Halkların Demokratik Partisi Grup Başkanvekili ve Diyarbakır Milletvekili İdris Baluken, Bu Suça Ortak Olmayacağız” bildirisi imzacılarına dönük baskı, keyfi ve usulsüz uygulamalar ile hukuksuzlukların kapsamlı bir şekilde araştırması ve açığa çıkarması amacıyla Meclis Araştırması açılmasını istedi.
Barış İçin Akademisyenler’in Türkiye devletine şiddete son verme ve müzakere koşullarını hazırlama çağrısı yaptığı “Bu Suça Ortak Olmayacağız” bildirisi 11 Ocak’ta Türkiye’de 89 üniversiteden 1128, yurtdışından 355’i aşkın akademisyen ve araştırmacının imzasıyla yayınlanmıştı.
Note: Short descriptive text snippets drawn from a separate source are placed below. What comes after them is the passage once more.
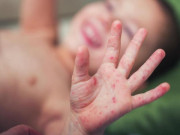 Sức khỏe - Hàng nghìn trẻ mắc tay chân miệng, nhiều ca biến chứng nặng lên não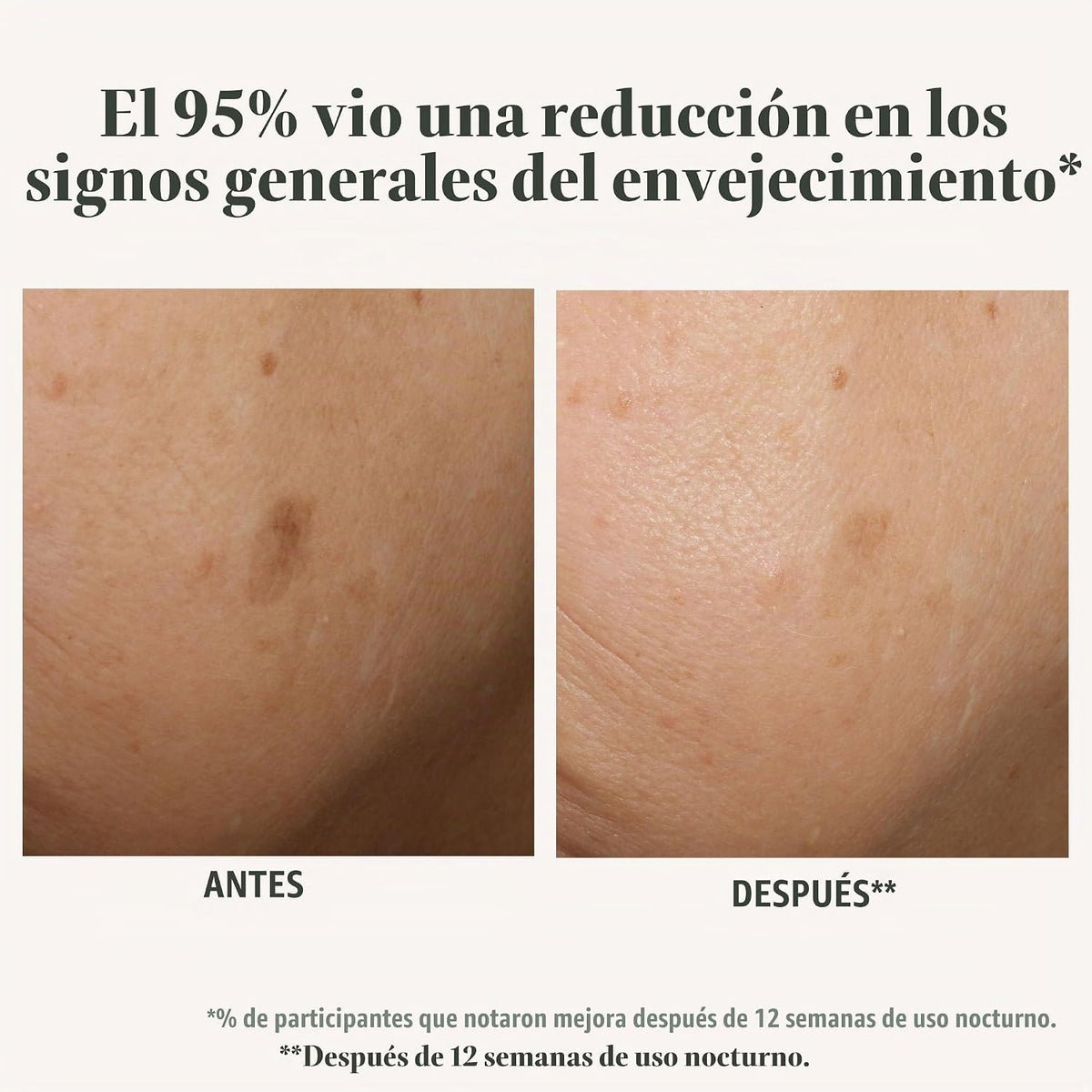 EXUVIANCE AGE REVERSE+ Advanced Renewal Retinol Overnight Serum Ant...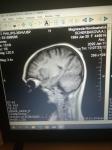Расшифровка МРТ мозга фото 1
Baluken, imzacı akademisyenlerin hedef gösterilme, mobbing, görevden alma, tutuklama, gözaltına alınma, ihraçlarla karşılaştığını hatırlattı.
“Hukukun üstünlüğünü korumakla görevli olan Türkiye Büyük Millet Meclisinin imzacı akademisyenlere karşı geliştirilen baskı, keyfi ve usulsüz uygulamalar ile hukuksuzluklar kapsamlı bir şekilde araştırması ve açığa çıkarması elzemdir” dedi.
“91’i atıldı, 4’ü tutuklandı, 44’ü ihraç edildi”
Baluken’in Meclis Başkanlığı’na sunduğu araştırma önergesi gerekçesinde imzacı akademisyenlerin karşılaştığı uygulamalar şöyle sıralandı:
“12 Ocak 2016’da Cumhurbaşkanı barış ve çözüm talep eden ve bu temelde düşünce beyanında bulunan akademisyenleri hedef alan ve ihanet ile suçlayan açıklamalarda bulundu. İmzacı akademisyen ve araştırmacılar ‘terör destekçisi’, ‘vatan haini’ gibi ithamlarla karşılaştı.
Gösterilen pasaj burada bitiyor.